CHEF DEREK SARNO the creator of Tesco’s Wicked Kitchen range Further opportunities in developing and offering more plant-based/vegan options on catering and restaurant menus are in demand. Coming at it from a chef’s point of view, creating something vegan for a meat eater is the best approach. One of my favourites is the pulled King Oyster mushrooms, the technique and ways to use the mushrooms once shredded and cooked can be applied to any style dish that would normally require chicken, beef or pork, such as sandwiches.

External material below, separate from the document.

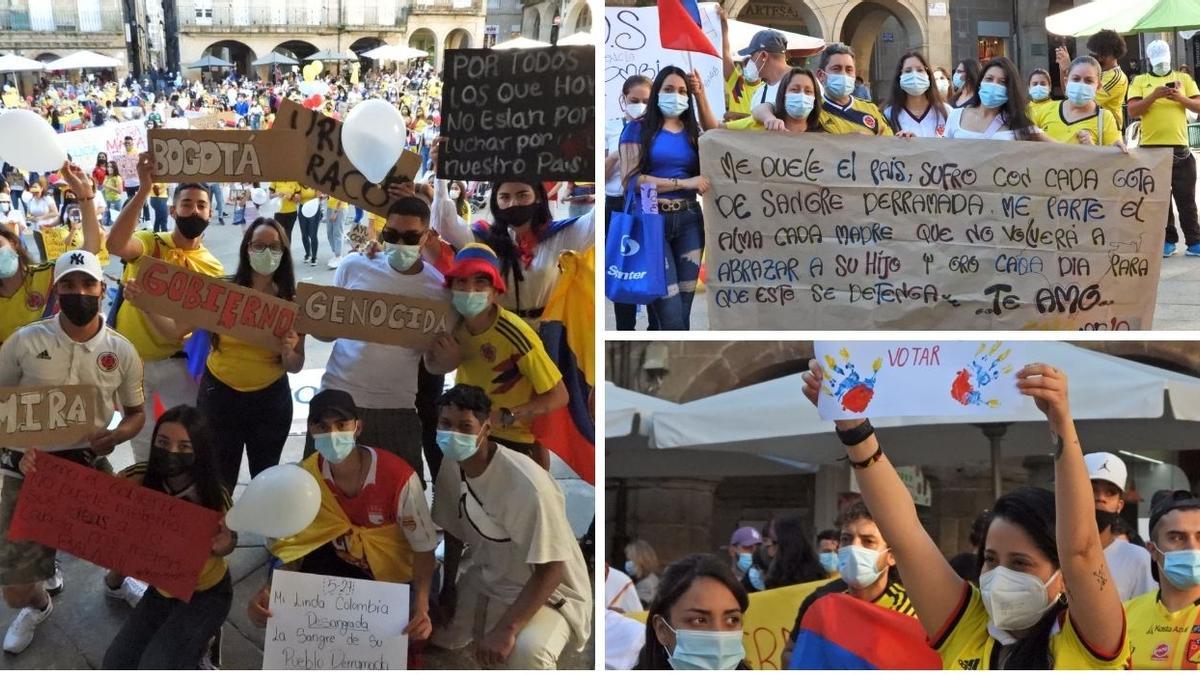 Asistentes a la manifestación de la Plaza Mayor de Ourense. // FERNANDO CASANOVA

FREDERICA FOSTER co-director of Turnips, Borough Market We’ve specialised in wild and unusual mushrooms for over 20 years but in the last few years we’ve seen a significant increase in mushroom sales. In part this is due to people seeking out ‘meaty’ and strong flavoured vegetables to replace meat in their diet. Think beyond bland button mushrooms to Beefsteak, Puffballs and Chicken of the Woods, which have a firm texture and flavour. Mushrooms, of course, are also popular for brunch – replacing the traditional bacon and black pudding.

KATY BESKOW author of Five Ingredient Vegan All the flavour and texture of fish cakes – but completely vegan! My no-fish cakes are golden and crisp on the outside, whilst being fluffy and fragrant inside. The secret? Canned jackfruit. Jackfruit is a fruit grown in South Asia and has a ‘meaty’ texture and a neutral flavour making it versatile and easy to use. Serve with wedges of lemon for squeezing, and a little unsweetened soya yogurt, sprinkled with fresh dill, for familiar flavours that your customers will love.